Machine learning is a well-defined algorithm, data structures and theory of learning, without 
referring to organism, psychological or evolutionary theory [6]. Machine learning use data to catch a 
pattern and use the pattern to predict the future data or make a decision in uncertain condition [7]. Data is 
an example that describe relationship between observed variables. Machine learning use probabilistic 
theory to build a mathematic model. The mathematic model represents the pattern that explain the 
relationship between observe variables. The main focus of machine learning research is how to 
automatically recognize a complex pattern in detail. Eventually, this approach is very helpful to make an 
intelligent decision based on data. There are several machine learning technique; (1) Support Vector 
Machine (SVM), (2) k-Nearest Neighbors (KNN), (3) Artificial Neural Network, etc. 

In this research, the chosen machine learning technique is Naive Bayes Classifier (NBC). NBC is 
an algorithm used to find the highest probability to classify testing data into the most appropriate 
category [8]. NBC can be used in cases that have limited number of target category [9]. It is also known 
as a simple technique but it has a high accuracy [10] and speed [11]. The advantage of using NBC is it 
requires a small amount of training data to estimate the parameters necessary for classification [12], [13] 

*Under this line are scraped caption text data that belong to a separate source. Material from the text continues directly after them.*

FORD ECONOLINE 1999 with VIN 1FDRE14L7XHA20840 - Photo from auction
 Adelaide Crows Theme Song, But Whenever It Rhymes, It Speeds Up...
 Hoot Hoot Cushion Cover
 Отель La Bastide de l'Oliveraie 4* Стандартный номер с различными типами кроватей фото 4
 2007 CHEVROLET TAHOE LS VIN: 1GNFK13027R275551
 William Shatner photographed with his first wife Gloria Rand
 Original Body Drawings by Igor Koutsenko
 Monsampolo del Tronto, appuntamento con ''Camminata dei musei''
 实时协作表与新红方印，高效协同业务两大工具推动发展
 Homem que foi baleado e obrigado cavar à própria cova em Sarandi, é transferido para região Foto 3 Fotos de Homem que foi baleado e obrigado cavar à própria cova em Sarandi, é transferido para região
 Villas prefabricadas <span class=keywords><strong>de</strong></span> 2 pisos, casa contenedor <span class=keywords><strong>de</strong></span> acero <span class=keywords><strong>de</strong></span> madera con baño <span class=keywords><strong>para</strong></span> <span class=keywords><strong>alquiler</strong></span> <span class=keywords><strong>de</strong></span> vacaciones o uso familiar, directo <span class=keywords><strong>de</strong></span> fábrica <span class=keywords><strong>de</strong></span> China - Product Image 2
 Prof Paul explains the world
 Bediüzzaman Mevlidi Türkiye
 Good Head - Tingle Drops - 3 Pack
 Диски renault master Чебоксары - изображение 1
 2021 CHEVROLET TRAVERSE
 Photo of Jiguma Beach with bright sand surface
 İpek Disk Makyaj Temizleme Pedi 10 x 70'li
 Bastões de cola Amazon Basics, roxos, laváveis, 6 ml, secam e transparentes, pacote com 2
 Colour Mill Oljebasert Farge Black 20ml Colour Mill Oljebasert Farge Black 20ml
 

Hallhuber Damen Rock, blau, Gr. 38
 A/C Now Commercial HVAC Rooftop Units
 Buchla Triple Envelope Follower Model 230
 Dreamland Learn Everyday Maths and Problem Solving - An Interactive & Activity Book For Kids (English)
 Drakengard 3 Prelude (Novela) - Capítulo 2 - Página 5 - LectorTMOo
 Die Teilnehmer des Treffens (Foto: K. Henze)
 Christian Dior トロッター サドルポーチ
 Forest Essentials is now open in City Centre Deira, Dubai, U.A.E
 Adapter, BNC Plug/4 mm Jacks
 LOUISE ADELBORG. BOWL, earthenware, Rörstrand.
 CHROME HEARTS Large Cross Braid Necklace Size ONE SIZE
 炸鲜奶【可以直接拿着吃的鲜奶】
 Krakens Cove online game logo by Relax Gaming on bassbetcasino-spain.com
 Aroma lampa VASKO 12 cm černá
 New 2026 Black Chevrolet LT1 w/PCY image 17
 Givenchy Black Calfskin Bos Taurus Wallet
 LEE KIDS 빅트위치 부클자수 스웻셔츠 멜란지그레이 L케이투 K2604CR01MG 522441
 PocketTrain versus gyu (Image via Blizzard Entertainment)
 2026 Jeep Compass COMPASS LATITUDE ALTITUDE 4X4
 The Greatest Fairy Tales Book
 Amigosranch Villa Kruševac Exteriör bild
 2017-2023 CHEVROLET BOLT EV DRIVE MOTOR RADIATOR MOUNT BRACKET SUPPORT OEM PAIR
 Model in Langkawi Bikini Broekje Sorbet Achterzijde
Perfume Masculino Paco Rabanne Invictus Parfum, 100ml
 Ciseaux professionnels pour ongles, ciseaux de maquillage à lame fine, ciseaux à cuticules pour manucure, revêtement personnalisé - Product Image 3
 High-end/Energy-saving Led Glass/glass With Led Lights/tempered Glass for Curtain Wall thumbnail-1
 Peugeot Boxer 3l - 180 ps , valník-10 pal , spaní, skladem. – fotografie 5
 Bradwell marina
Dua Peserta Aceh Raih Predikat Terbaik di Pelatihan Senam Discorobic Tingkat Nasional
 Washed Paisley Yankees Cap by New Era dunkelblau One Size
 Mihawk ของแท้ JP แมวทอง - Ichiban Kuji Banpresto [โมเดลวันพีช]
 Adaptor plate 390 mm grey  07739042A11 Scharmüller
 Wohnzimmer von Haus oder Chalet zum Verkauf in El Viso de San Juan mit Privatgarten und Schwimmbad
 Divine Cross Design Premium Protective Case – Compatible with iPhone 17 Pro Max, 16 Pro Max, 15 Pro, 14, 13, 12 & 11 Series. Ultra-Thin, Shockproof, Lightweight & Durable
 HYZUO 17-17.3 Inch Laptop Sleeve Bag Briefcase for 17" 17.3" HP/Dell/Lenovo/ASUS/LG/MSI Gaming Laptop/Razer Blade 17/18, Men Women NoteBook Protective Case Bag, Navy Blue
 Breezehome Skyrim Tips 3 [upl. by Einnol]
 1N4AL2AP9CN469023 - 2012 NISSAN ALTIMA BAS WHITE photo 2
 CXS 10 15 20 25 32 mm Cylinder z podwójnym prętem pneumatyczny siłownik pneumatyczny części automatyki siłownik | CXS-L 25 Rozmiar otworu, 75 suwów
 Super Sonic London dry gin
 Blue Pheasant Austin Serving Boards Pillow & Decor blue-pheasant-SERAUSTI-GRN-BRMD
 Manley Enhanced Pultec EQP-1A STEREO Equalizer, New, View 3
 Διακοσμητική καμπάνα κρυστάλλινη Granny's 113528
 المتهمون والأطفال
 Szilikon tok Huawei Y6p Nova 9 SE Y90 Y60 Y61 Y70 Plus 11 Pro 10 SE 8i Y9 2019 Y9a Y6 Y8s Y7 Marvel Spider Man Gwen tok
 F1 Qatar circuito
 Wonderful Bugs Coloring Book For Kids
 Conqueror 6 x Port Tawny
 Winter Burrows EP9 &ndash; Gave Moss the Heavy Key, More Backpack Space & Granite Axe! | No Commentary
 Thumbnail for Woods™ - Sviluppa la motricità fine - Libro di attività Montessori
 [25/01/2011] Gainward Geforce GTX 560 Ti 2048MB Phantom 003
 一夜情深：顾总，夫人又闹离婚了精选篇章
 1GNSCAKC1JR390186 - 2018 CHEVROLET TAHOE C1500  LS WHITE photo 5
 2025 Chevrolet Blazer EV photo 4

so that it has short computational time for training process. NBC simplify learning by assuming that 
features are independent given class [10]. The classification process is done to the pre-processing data in 
2 stages, which are training stage and classification stage. In training stage, training data will be used in 
learning process to gain knowledge. The second stage is classification stage. In classification stage, 
system will classify an entity based on the training result. The entity can be classify into positive or 
negative category. Finally, by conducting this paper, the data is modelled and classified in order to 
analyze the social sentiment towards the LRT development. 


2. RESEARCH METHOD 
This part describes about the research methodology to get the research done. Figure | shows the 
research methodology which contains four phases.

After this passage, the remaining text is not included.